Signs of knee pain will present in different ways.  The pain may be described as feeling as though the knee is stuck, stiff, pops/crackles or gives way when taking a step.  It may also be difficult to bend or straighten the knee with full motion. The knee could be tender or warm to touch and have swelling Depending on the reasons for pain the child may either limp or refuse to walk or have difficulty going up and down the stairs or getting up and down from the floor. Most often the pain is only in one leg. Pain that wakes the child/adolescent up can be more concerning.
 

Evaluation:

An evaluation by a Primary Care Physician (PCP) is the first step to care. The physician will arrange for further tests if needed; these may be X-rays, CT Scan, MRI or blood work. The physician may also refer to a specialist based on the exam and results of tests. Most often the specialist will be an orthopedic physician.  

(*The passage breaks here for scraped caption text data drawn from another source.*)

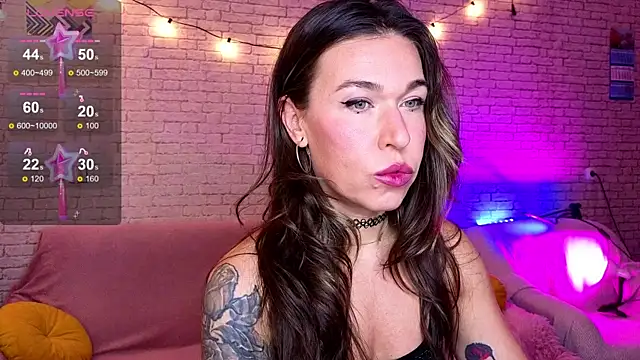 Snapshot of ReginaFoXXXy chatting on September 9, 2025, 8:13 am ReginaFoXXXy online show from September 9, 2025, 8:13 am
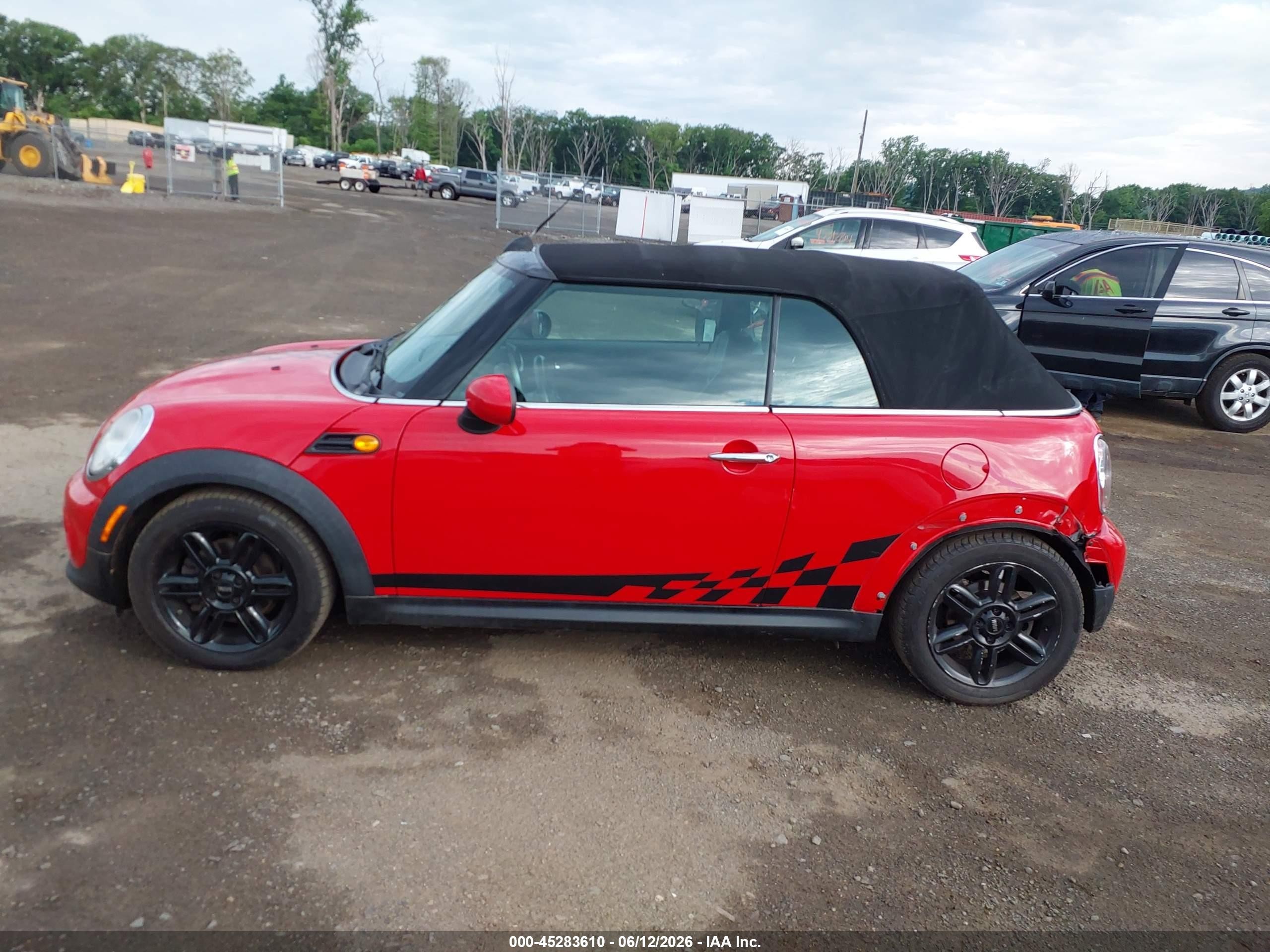 2014 Mini Convertible Cooper Red vin: WMWZN3C52ET860969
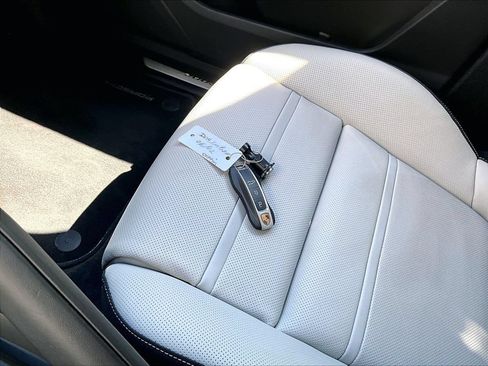 Certified 2025 Porsche Cayenne E-Hybrid Coupe AWD/4WD image 16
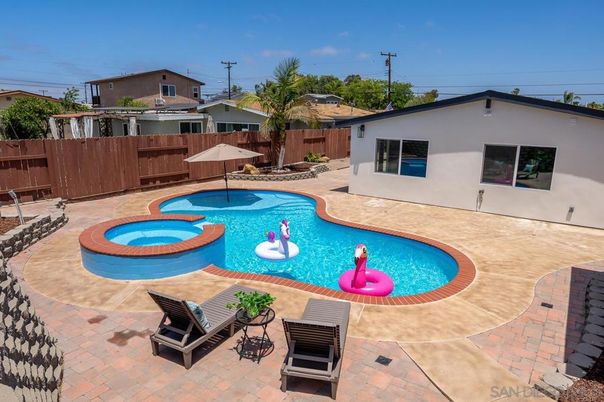 Exterior, Pool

The  physical therapist evaluation  includes a review of reports from the Primary Care Physician and Specialist and a review of diagnostic testing including X-rays, MRI, CT scan or blood work done by your doctor. Please bring the prescription and copies of reports to the evaluation. You do not need to bring in the X-rays. Please bring any precautions your doctor has prescribed, such as no running or jumping. Please have your child dressed in clothing they can easily move in.  This will allow the therapist to exam and observe your child. The therapist will talk with you about your child’s medical history including past medical diagnoses, injuries or traumatic events and your child activities. It is necessary to know details on how the pain is affecting your child with sleep, participation in school and other activities. The therapists examination will include measurements of how well your child can move his legs, arms, neck and back.   The therapist will also test your child’s strength, coordination, balance and endurance. She will watch your child walk and perform typical movements.  Specialty tests may include measuring leg length, feeling muscles and bones around painful areas, testing reflexes and testing how well your child can feel his arms and legs. At the end of the physical examination, the therapist will discuss the results. The therapist will talk to you to determine a therapy plan.  This will include how often your child will be seen and for how long.  Sometimes after the exam it is necessary to send your child back to the referring physician for further testing.   

Treatment:

There are many treatment methods for knee pain depending on the age of the child and the reasons for the pain. Your physical therapist will teach you and your child some ideas on how to help your child feel better and improve his mobility. It is important to follow through with these suggestions to make progress.  It is also important to talk to your therapist if the pain is not improving or getting worse. It is also very important to follow directions of precautions prescribed such as rest, no running or jumping and breaks from sports.  The body needs time for recovery for specific injuries in order to prevent future injuries.  Some of the treatment methods include stretching, strengthening, balance and coordination training, endurance training, postural awareness education and relaxation/pain management strategies.